Like everything else in Lua, our indexes all start at 1 and not 0! Remember that for everything involving an index. Let’s start with a table and introduce each function as we go.

Commonly Used String Functions
FunctionDescription
string.len( s )Get the length of s in bytes
string.upper( s )Returns the conversion of “s” to uppercase
string.lower( s )Returns the conversion of “s” to lowercase
string.reverse( s )Returns the reverse of “s”
string.sub( s [, i [, j ] ] )Returns a substring from “s” starting at “i” and ending at “j”
string.rep( s, n )Returns “s” repeated n times
string.match( s, pattern [, i] )Returns the substring from “s” which matches “pattern” (see below for patterns), starts at an option i index
string.gmatch( s, pattern )Returns the substrings as an iterator from “s” which match “pattern” (see below for patterns)
string.gsub( s, pattern, replacement [, n] )Returns the string “s” which each instance of “pattern” replaced with “replacement”, takes an optional n which limits the number of times to do the replacement
string.find( s, pattern [, index [, boolplain ] ] )Returns the start and end index (or nil) for finding the “pattern” in “s”, starts at an optional “index” and can take an optional bool “boolplain” to ignore pattern search and search literally
string.format( s, o1, …, on )Returns the formatting of “s” via options in o1 and beyond, similar to the printf options in C

We’re going to go over each of these and how to use them. This table is just to get you used to what all is on the table. Things like match and gmatch will be detailed since each of them has different use cases. Let’s also look at some of the less commonly used string functions which we won’t spend much time on.

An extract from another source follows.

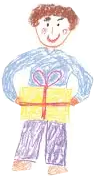 O desenho que vai virar João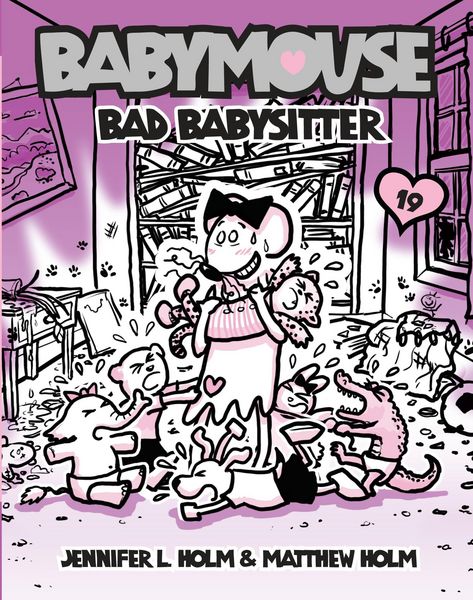 Produktbild: Babymouse #19: Bad Babysitter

Less Commonly Used String Functions
FunctionDescription
string.byte( s [, i [ , j ] ] )Return the byte representation of “s” (optionally) starting at “i”, and ending at “j”
string.char( byte1, …, byten )Return the character representation of the bytes provided
string.dump( f )Return the binary representation of a Lua function

Try working with these on your own to see what they do. Here’s a hint: string.byte and string.char convert back and forth.

Syntactic Sugar

Remember in the class lesson where we discussed syntactic sugar? Well, the string library is no exception to using the alternate class form for strings. You can write string.len( s ) or shorten it to s:len(). We’ll touch on these a bit below, but we’re not going to spend any extra time on it. Read the previous lesson on classes to make sure you understand what this is and why this works. It’s specifically this feature which is why this lesson is placed after so many other things.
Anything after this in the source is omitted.